WHAT TO DO: Scan the records for the string "with" and copy every line that holds it.

------ THE DATA ------

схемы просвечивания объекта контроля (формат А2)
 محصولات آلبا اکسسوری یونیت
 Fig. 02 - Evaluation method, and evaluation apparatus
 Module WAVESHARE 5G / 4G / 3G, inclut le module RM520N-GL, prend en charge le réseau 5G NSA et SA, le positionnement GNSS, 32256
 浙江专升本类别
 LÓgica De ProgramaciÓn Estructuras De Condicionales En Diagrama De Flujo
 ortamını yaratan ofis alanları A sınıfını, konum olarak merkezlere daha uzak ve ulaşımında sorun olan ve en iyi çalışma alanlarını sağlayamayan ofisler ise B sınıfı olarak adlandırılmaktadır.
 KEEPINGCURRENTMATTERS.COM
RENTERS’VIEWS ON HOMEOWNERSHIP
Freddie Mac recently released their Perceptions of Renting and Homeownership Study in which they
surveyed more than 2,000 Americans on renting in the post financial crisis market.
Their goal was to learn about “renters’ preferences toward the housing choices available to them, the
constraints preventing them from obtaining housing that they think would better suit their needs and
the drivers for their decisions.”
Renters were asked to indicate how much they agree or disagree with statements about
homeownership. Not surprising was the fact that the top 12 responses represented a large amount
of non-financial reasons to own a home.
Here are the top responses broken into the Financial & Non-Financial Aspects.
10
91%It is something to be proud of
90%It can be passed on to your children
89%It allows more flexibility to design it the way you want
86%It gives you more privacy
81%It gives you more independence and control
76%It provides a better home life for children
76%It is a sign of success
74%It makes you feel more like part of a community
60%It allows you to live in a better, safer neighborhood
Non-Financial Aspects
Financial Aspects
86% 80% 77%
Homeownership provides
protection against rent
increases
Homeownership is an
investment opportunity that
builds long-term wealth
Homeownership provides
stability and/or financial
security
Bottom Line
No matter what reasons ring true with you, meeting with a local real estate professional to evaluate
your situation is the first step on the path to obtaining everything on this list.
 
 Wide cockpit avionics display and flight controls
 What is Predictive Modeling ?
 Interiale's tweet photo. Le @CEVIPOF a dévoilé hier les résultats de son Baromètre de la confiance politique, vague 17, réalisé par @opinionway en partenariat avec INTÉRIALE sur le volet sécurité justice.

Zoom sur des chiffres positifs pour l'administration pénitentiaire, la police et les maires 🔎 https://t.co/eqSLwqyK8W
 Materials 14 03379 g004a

------

TASK SOLUTION:
Renters were asked to indicate how much they agree or disagree with statements about
No matter what reasons ring true with you, meeting with a local real estate professional to evaluate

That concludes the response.